Data extracted from a collection:

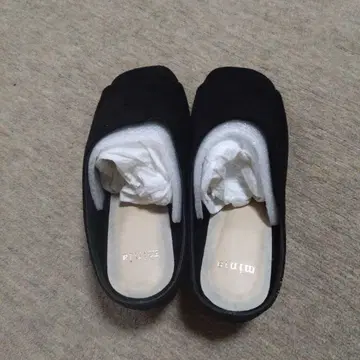 블랙 뮬 샌들 중간 굽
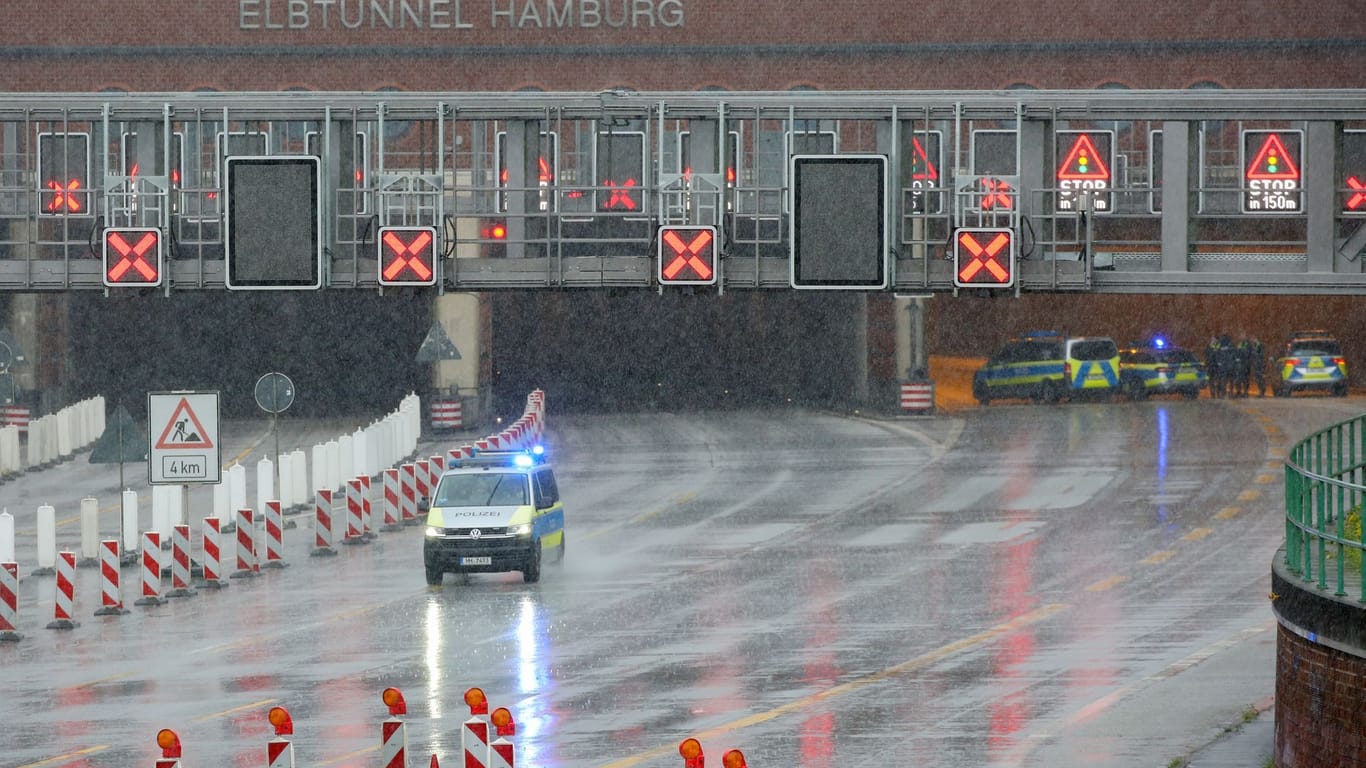 Einsatzkräfte stehen an der Zufahrt zum Elbtunnel (Archivfoto): Die wichtige Verbindung wird Mitte Oktober komplett gesperrt.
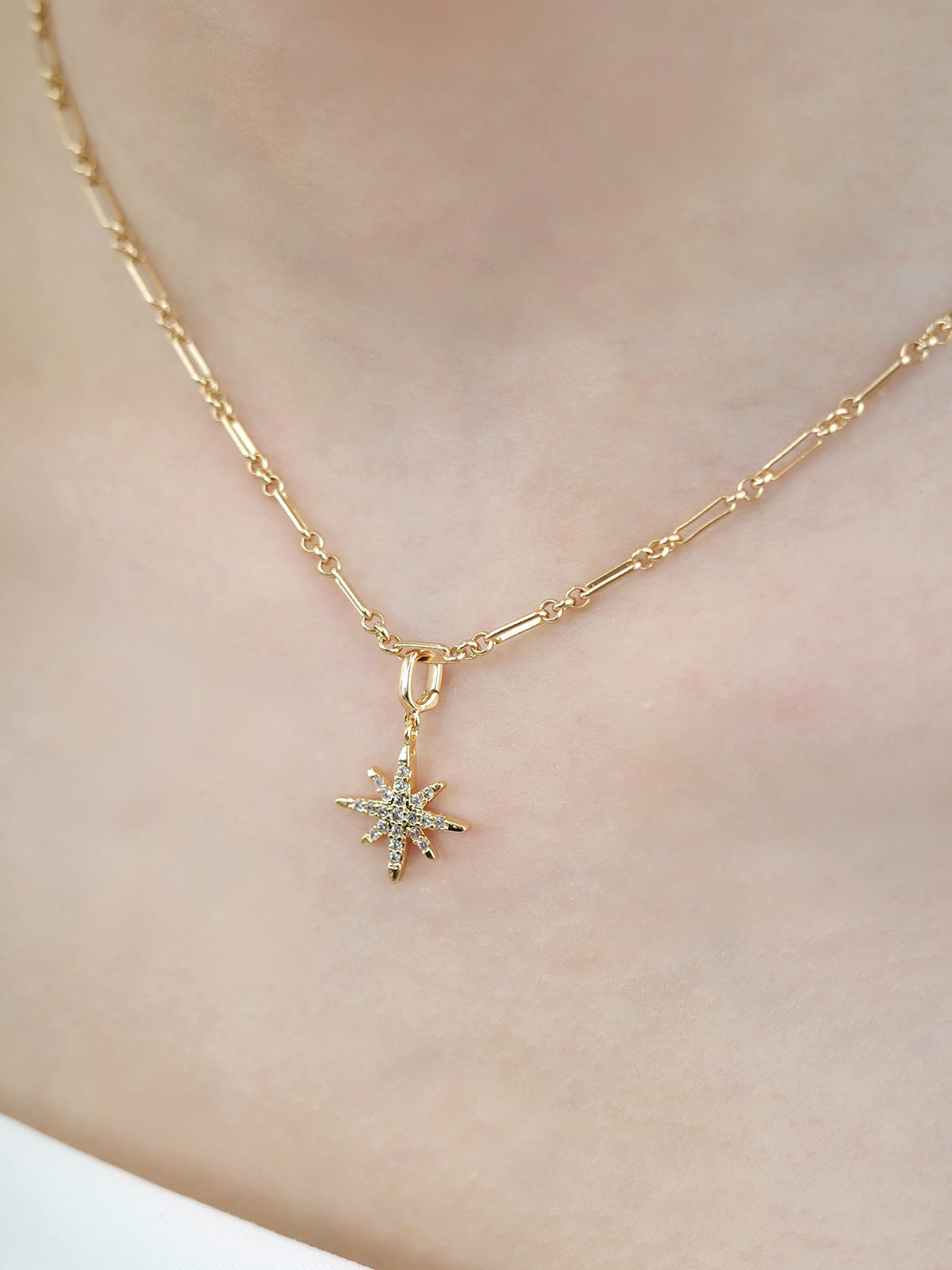 シャインソラチャーム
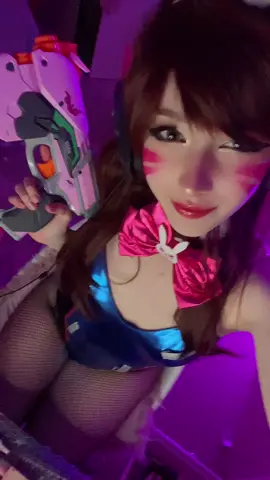 I used to post like 18 videos a day maybe I'll start doing that again #cosplay #dva #overwatch #overwatch2 #GamerGirl #fyppppppppppppppppppppppp 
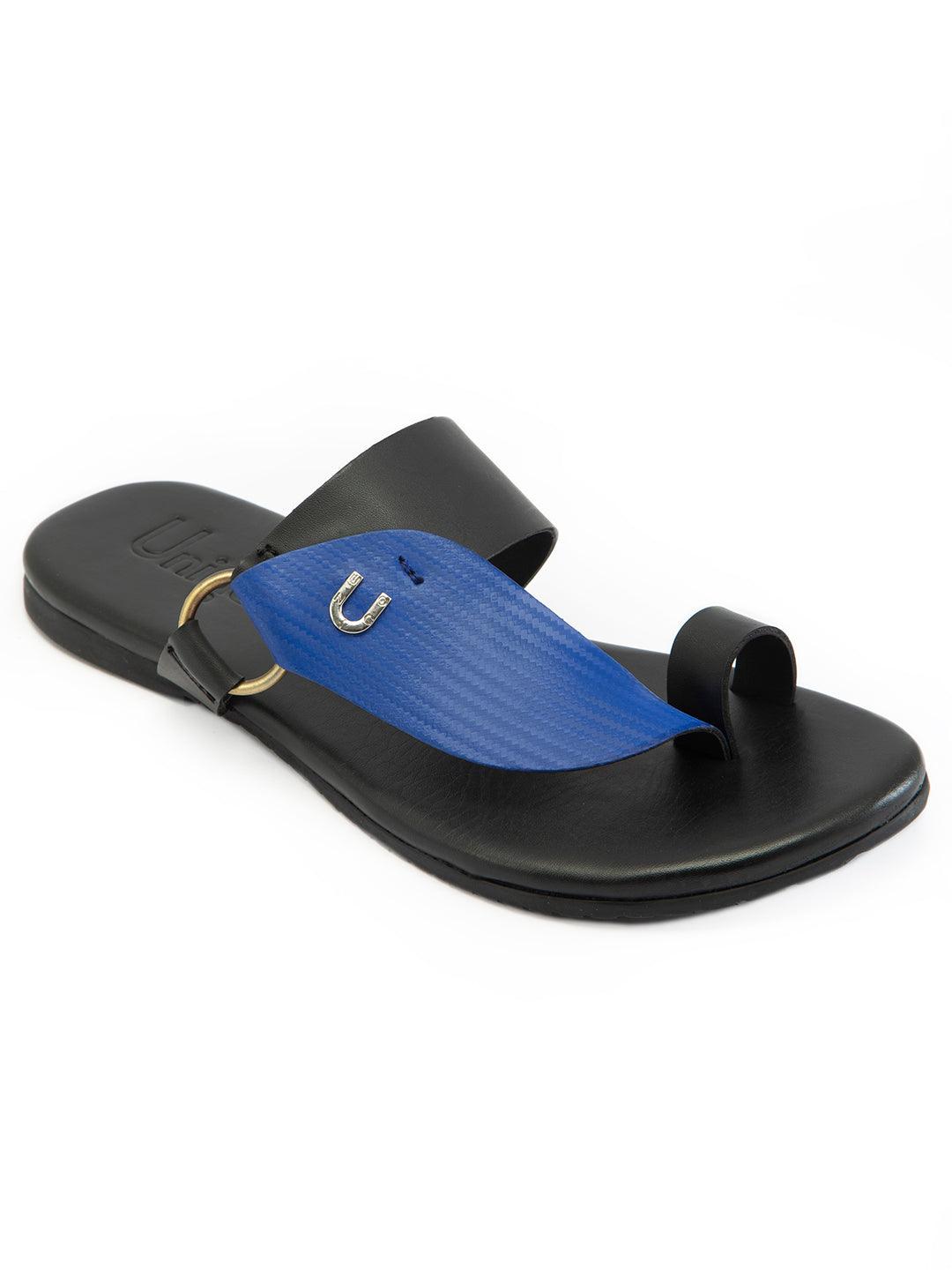 In blue outlet chappals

EXERCISE DESCRIPTION:
Before answering, please find the line containing "I used to post" above, then copy exactly from it through the last line of the entries, both included, without pictures.

OUTPUT OF THE EXERCISE:
 I used to post like 18 videos a day maybe I'll start doing that again #cosplay #dva #overwatch #overwatch2 #GamerGirl #fyppppppppppppppppppppppp 
 In blue outlet chappals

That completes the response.